*** Block opens ***

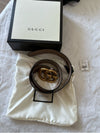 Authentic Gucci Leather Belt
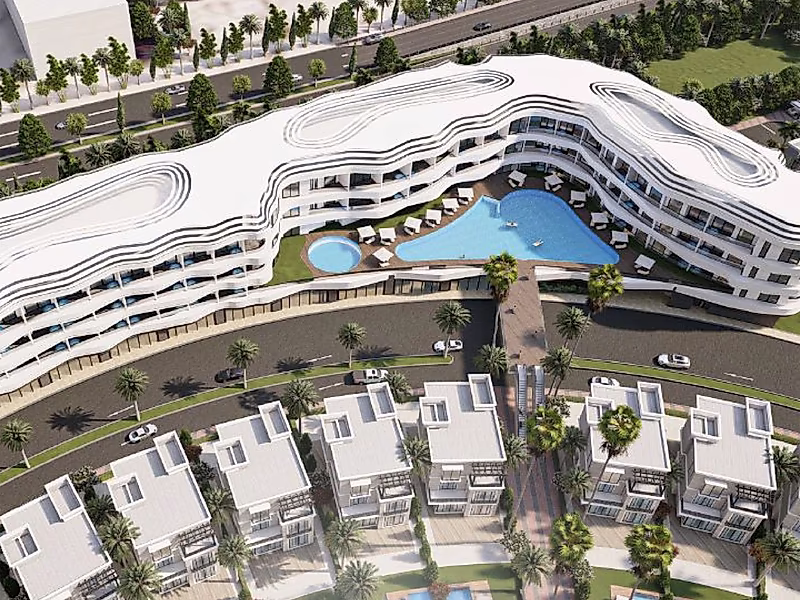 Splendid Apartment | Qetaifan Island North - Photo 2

*** Block closes ***
*** Block opens ***

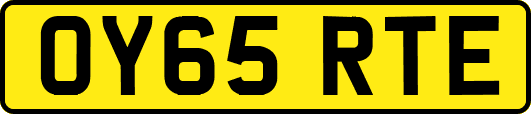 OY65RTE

*** Block closes ***

WHAT THE TASK ASKS: Of the lines above, copy only those from the one holding "Authentic Gucci Leather Belt" to the one holding "Splendid Apartment |", both included, and exclude every image.

ANSWER TO THIS EXERCISE:
 Authentic Gucci Leather Belt
 Splendid Apartment | Qetaifan Island North - Photo 2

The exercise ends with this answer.